======== Task input

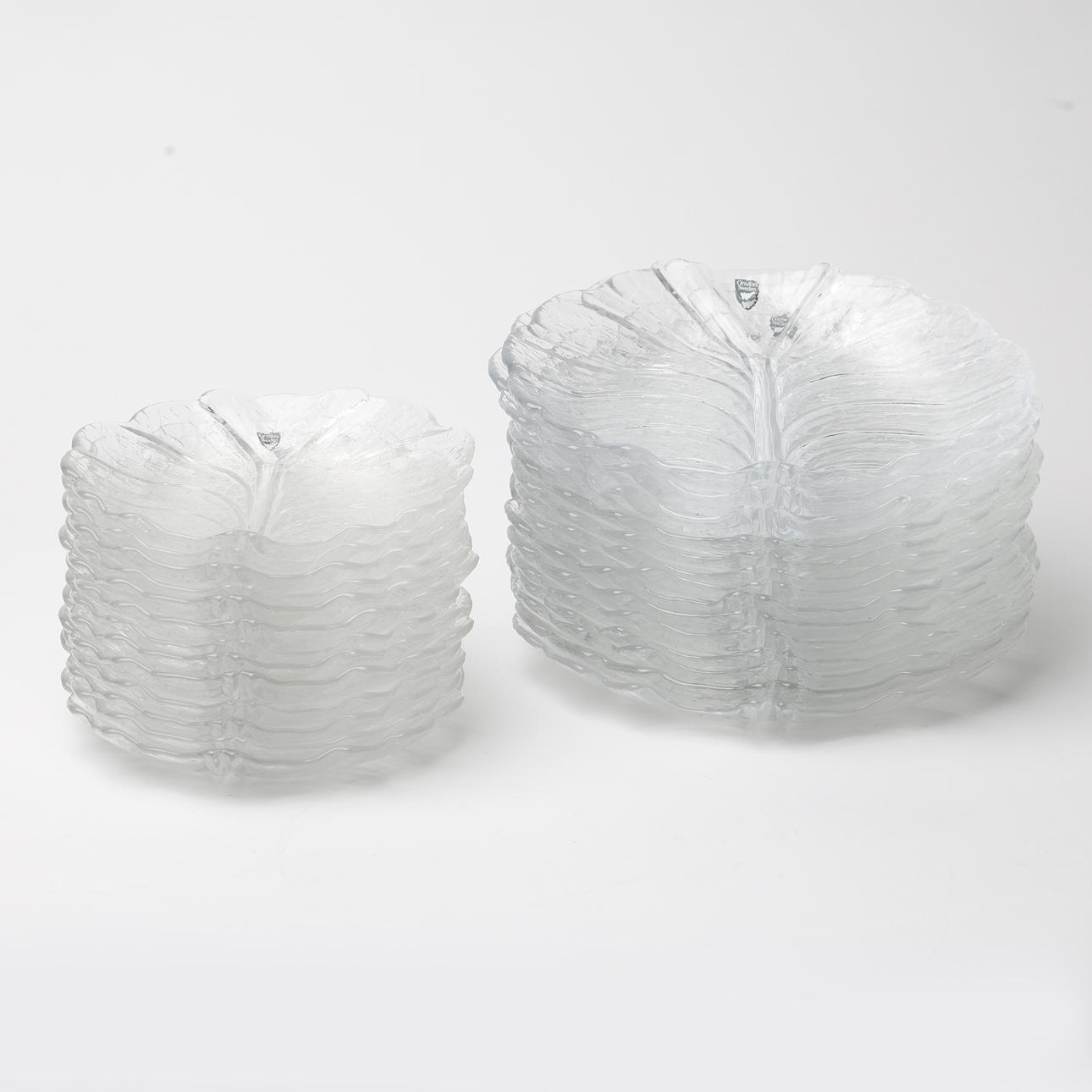 LARS HELLSTEN. Plates, 27 pieces, “Eden”, glass, Orrefors. Glass ...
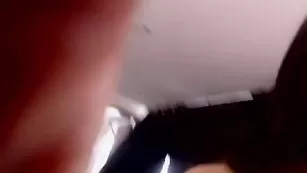 Симпатичная брюнетка Nataliasaenz страстно мастурбирует киску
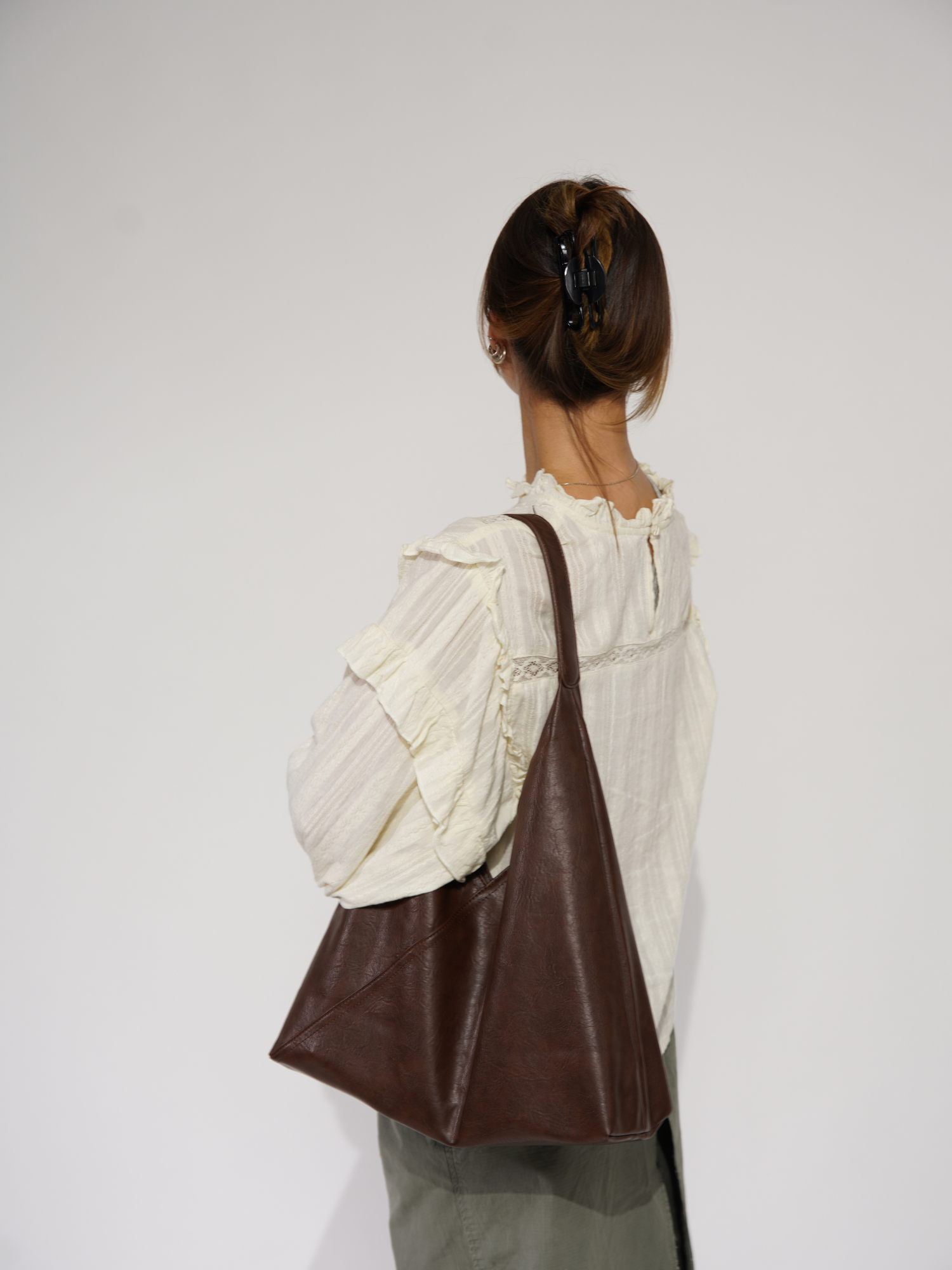 Everyday Shoulder Bag | Zephyra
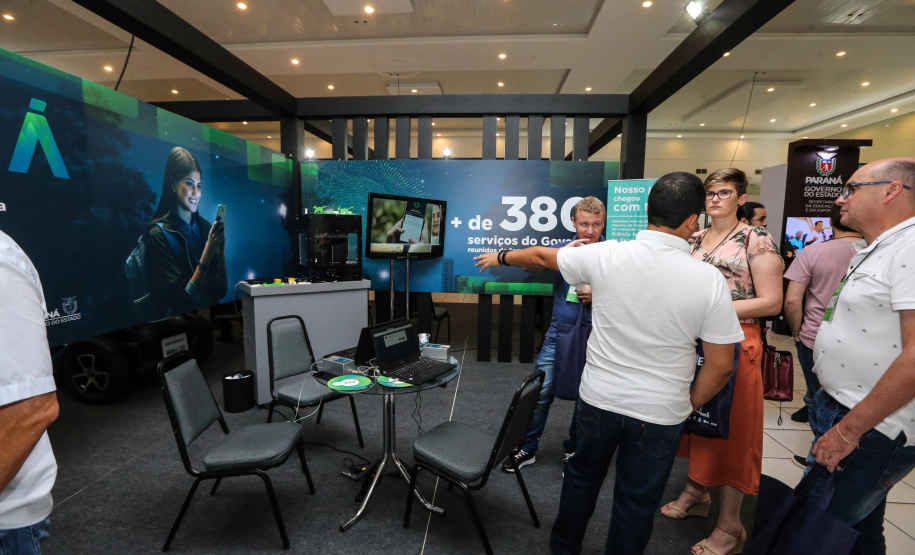 Stands das secretarias nesta quinta-feira (31),  no encontro de capacitação Governo 5.0 no Hotel Rafain Palace & Convention, em Foz do Iguaçu. Foz do Iguaçu, 31/10/2019 -  Foto: Geraldo Bubniak/AEN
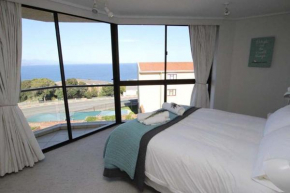 Jenmilla Plett Apartment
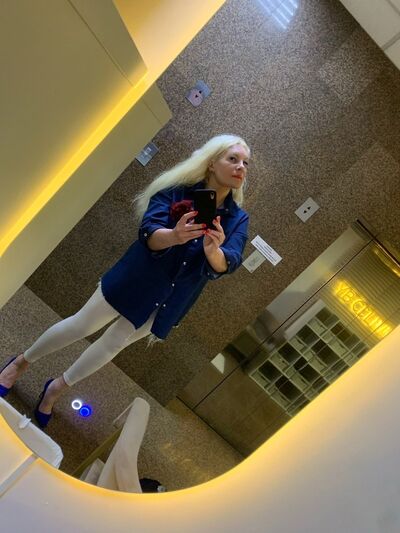  ,   Julia, 53 ,   ,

================

#### Task to carry out:
Please reproduce the entries above line by line, exactly, leaving out each image.

#### Response to this exercise:
 LARS HELLSTEN. Plates, 27 pieces, “Eden”, glass, Orrefors. Glass ...
 Симпатичная брюнетка Nataliasaenz страстно мастурбирует киску
 Everyday Shoulder Bag | Zephyra
 Stands das secretarias nesta quinta-feira (31),  no encontro de capacitação Governo 5.0 no Hotel Rafain Palace & Convention, em Foz do Iguaçu. Foz do Iguaçu, 31/10/2019 -  Foto: Geraldo Bubniak/AEN
 Jenmilla Plett Apartment
  ,   Julia, 53 ,   ,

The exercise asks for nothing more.